Kristoffer Tripplaar/Sipa USA via AP Images
Aaron’s retail store sign in Elyria, Ohio
With the COVID-19 pandemic bringing much of the economy to a standstill, more than 16 million Americans have filed for unemployment insurance in the past three weeks. The crisis accentuates the precarity already felt by a large segment of the population. Millions already struggled to pay their rent, utilities, and other bills, even before this crisis. We can expect creditors and landlords to step up garnishing bank accounts, repossessing cars and other personal property, and evicting tenants.
The rent-to-own industry will likely be a major player in this collections activity, threatening to repossess essential household goods while millions are confined at home. The industry has insisted that its high-interest credit offers on appliances, furniture, and electronics serve as an attractive rental option for its low-income customer base. On this basis, it has long dodged federal and state consumer protections. In a proposed settlement with three major rent-to-own operators over antitrust violations, the Federal Trade Commission (FTC) allows the lawlessness to fester and potentially encourages corporate collusion across the economy. Fortunately, the FTC can still correct course and adopt a strong final settlement, as the Open Markets Institute called for in a recent comment.
An entire economy exists to exploit the working poor in the United States. Lacking adequate or steady income and locked out of traditional banking and credit, they rely on check-cashers, payday and title lenders, and rent-to-own entities to subsist. The contrast between the mainstream financial economy and this fringe economy serving the vulnerable is stark. Whereas credit cards carry an annual percentage rate (APR) of around 15 percent (a comparatively high interest rate by historical standards), payday and title loans feature APRs of 300 percent and above.
An entire economy exists to exploit the working poor in the United States.
Rent-to-own outfits, such as Aaron’s and Rent-A-Center, fill an important segment of this alternative economy. They offer appliances, electronics, and furniture on weekly or monthly payment plans. If a customer makes payments for the full term of the contract (usually 12 to 24 months), they own the good outright. Even though most customers aspire to, and ultimately do, own items obtained through rent-to-own, the industry insists it offers rentals and so is not subject to federal and state credit protections. Disclosing the cost of credit under the federal Truth in Lending Act would mean informing customers that a rent-to-own TV comes with an annualized interest rate as high as 370 percent. The industry also criminalizes debt, routinely filing police complaints and threatening criminal prosecution to extract payments from distressed consumers. The Department of Defense, in a 2006 report, described the rent-to-own business, which targets members of the military, as predatory.

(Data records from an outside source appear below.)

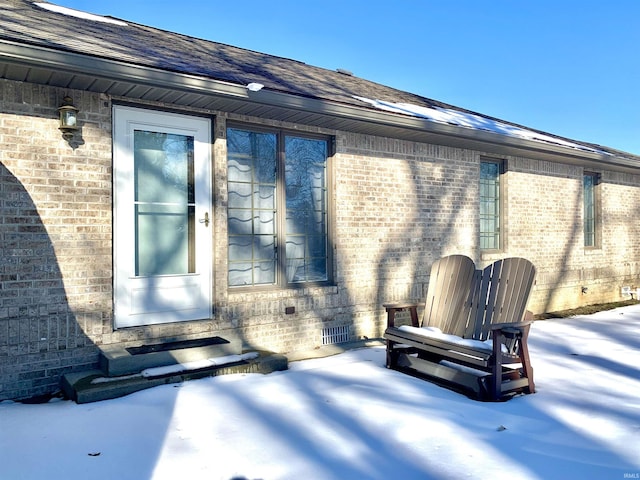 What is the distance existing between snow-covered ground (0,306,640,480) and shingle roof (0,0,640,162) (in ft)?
9.24

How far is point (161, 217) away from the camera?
16.0ft

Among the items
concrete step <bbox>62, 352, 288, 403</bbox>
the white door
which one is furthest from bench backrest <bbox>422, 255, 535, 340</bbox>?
the white door

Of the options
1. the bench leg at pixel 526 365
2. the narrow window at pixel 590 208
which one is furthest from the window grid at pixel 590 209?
the bench leg at pixel 526 365

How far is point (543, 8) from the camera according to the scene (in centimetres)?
1680

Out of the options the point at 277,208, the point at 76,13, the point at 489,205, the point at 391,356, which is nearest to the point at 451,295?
the point at 391,356

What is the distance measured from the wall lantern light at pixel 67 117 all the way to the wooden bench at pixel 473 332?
3456mm

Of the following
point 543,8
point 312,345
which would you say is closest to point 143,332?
point 312,345

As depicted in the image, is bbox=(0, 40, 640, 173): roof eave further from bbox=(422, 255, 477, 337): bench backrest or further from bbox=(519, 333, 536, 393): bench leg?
bbox=(519, 333, 536, 393): bench leg

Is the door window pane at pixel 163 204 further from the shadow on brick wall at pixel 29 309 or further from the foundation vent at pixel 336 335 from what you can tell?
the foundation vent at pixel 336 335

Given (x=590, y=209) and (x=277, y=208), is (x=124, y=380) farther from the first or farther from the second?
(x=590, y=209)

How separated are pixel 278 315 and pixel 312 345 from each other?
0.63 meters

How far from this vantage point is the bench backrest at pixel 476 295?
4359mm

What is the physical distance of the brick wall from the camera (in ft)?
13.4

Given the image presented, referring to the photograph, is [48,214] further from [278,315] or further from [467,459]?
[467,459] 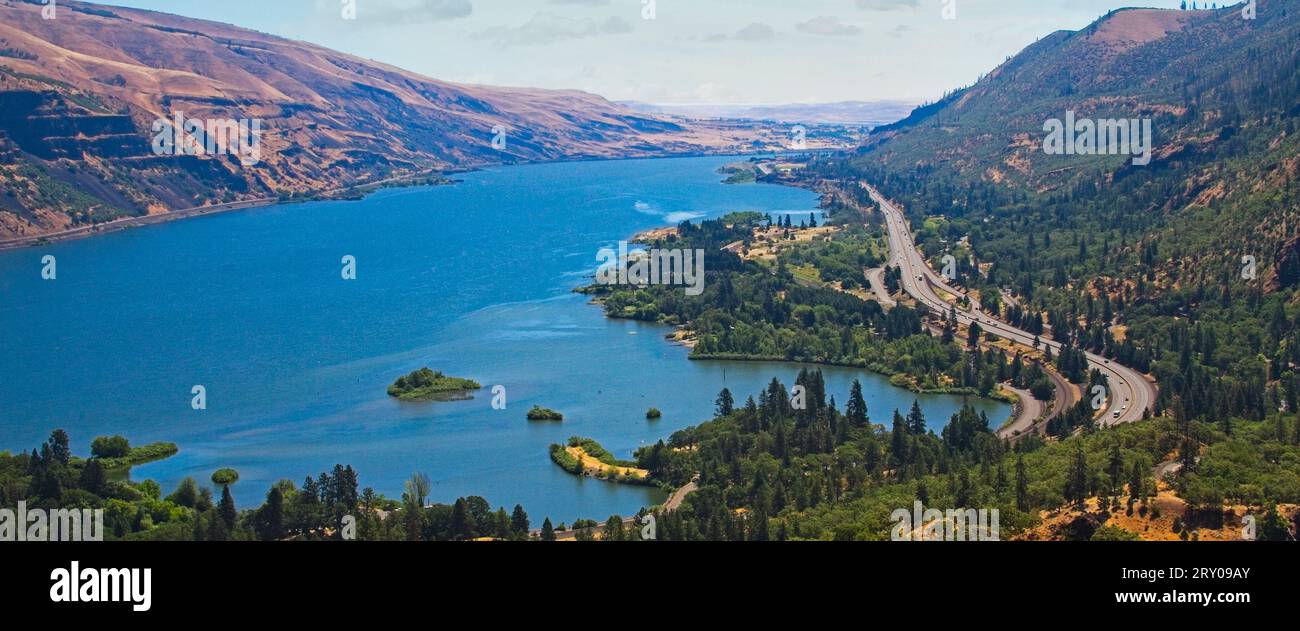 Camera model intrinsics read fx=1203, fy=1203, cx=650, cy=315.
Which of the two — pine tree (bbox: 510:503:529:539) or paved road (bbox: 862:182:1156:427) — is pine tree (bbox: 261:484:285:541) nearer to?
pine tree (bbox: 510:503:529:539)

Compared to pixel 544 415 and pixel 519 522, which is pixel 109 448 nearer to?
pixel 544 415

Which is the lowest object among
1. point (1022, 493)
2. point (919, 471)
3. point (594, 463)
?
point (594, 463)

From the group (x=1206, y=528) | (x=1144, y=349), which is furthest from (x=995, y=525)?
(x=1144, y=349)

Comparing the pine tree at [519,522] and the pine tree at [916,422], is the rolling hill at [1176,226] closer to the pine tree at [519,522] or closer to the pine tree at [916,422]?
the pine tree at [916,422]

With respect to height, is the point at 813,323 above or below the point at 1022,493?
above

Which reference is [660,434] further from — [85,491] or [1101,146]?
[1101,146]

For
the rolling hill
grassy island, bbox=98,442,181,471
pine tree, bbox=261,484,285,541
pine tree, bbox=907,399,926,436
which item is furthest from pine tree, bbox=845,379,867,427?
grassy island, bbox=98,442,181,471

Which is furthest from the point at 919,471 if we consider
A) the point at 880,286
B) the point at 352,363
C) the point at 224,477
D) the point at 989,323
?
the point at 880,286
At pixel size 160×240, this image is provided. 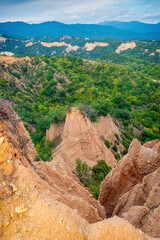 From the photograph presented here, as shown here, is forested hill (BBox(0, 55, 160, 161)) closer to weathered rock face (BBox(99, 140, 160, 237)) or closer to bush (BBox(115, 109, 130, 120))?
bush (BBox(115, 109, 130, 120))

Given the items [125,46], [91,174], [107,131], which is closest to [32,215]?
[91,174]

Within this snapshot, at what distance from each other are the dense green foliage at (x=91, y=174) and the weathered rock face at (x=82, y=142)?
805mm

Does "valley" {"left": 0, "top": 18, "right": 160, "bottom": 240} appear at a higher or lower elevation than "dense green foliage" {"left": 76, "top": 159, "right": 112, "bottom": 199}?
higher

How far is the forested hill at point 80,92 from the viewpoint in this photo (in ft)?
95.9

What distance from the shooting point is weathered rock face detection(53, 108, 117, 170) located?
54.3ft

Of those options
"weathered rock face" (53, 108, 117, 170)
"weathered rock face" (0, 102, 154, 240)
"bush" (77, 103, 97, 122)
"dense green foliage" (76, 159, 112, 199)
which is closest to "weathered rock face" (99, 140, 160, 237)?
"dense green foliage" (76, 159, 112, 199)

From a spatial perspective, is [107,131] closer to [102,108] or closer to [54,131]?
[102,108]

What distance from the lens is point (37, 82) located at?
45875 millimetres

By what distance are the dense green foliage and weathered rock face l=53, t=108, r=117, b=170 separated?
2.64 feet

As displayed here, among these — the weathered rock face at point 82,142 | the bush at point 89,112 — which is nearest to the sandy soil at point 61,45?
the bush at point 89,112

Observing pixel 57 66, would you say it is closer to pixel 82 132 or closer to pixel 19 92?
pixel 19 92

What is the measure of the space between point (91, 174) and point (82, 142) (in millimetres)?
3596

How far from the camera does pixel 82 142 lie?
1733 cm

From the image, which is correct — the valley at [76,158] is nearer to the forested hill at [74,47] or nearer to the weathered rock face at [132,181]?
the weathered rock face at [132,181] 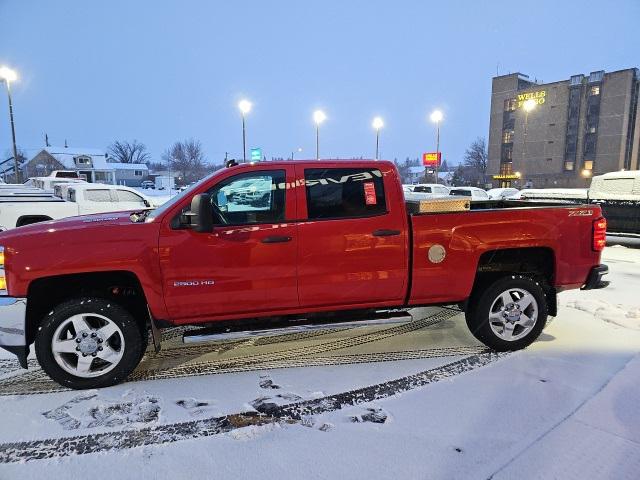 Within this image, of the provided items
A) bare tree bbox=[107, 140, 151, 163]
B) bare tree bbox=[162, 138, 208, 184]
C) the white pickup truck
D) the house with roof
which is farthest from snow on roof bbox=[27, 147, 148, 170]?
the white pickup truck

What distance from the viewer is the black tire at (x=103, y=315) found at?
3.63 m

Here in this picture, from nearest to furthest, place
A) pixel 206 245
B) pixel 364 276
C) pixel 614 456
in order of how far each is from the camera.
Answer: pixel 614 456 → pixel 206 245 → pixel 364 276

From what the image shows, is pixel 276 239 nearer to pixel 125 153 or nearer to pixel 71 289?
pixel 71 289

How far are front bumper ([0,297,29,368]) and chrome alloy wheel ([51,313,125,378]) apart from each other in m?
0.26

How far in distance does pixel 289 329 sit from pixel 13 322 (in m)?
2.25

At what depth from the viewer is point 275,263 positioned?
12.7ft

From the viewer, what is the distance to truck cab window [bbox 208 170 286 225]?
3922 millimetres

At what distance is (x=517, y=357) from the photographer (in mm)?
4316

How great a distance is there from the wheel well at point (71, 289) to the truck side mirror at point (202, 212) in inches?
30.7

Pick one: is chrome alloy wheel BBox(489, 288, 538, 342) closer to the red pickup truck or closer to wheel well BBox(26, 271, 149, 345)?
the red pickup truck

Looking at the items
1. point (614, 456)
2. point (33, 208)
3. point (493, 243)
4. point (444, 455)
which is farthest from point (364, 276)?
point (33, 208)

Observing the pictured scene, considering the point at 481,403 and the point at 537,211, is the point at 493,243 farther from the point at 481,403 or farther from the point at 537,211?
the point at 481,403

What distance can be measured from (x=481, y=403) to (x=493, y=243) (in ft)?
5.07

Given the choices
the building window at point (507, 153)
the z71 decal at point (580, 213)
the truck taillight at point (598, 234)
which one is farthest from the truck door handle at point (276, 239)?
the building window at point (507, 153) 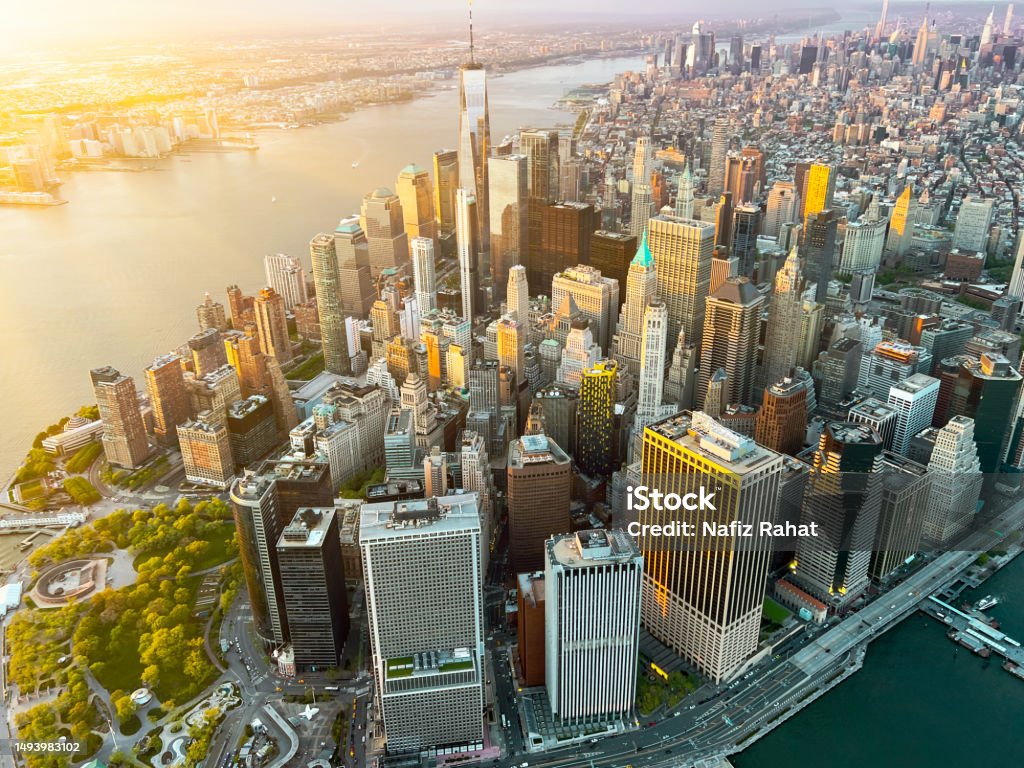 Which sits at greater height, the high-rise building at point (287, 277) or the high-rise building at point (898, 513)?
the high-rise building at point (287, 277)

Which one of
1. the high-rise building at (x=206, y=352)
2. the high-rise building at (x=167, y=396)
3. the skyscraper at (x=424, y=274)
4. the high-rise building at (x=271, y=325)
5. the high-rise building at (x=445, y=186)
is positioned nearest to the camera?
the high-rise building at (x=167, y=396)

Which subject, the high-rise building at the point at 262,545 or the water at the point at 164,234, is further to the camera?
the water at the point at 164,234

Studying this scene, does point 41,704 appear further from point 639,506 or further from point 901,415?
point 901,415

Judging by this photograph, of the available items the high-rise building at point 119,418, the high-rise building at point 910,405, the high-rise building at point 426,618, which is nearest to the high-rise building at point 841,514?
the high-rise building at point 910,405

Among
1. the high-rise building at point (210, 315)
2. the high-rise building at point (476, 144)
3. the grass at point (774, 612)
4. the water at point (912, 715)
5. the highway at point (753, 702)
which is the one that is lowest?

The FTC has an opportunity to inject some accountability into the rent-to-own business and appears eager to squander it. The FTC found that three leading rent-to-own operators—Aaron's, Buddy’s, and Rent-A-Center—had colluded with each other. For instance, Aaron’s would shut down a store competing against a Buddy’s store, transfer its customer contracts to Buddy’s, and promise not to compete against this Buddy’s location for three years. Buddy’s would reciprocate and shut down a store competing elsewhere against Aaron’s. The FTC also discovered that Brian Kahn, the managing partner of the private equity owner of Buddy’s, formerly sat on the board of Aaron’s (this is known as an “interlocking directorate”).
Although both the collusive scheme and interlocking directorate are clear violations of antitrust law, the FTC, in a proposed settlement, wants to let the three corporations off the hook with an order merely to not violate the law again. The companies would not have to return any ill-gotten gains, admit fault, or notify affected customers and employees. Admission of fault and notification by the companies would help the injured parties—consumers who overpaid for household goods, and employees underpaid on the job on account of this corporate collusion—pursue their own lawsuits for damages.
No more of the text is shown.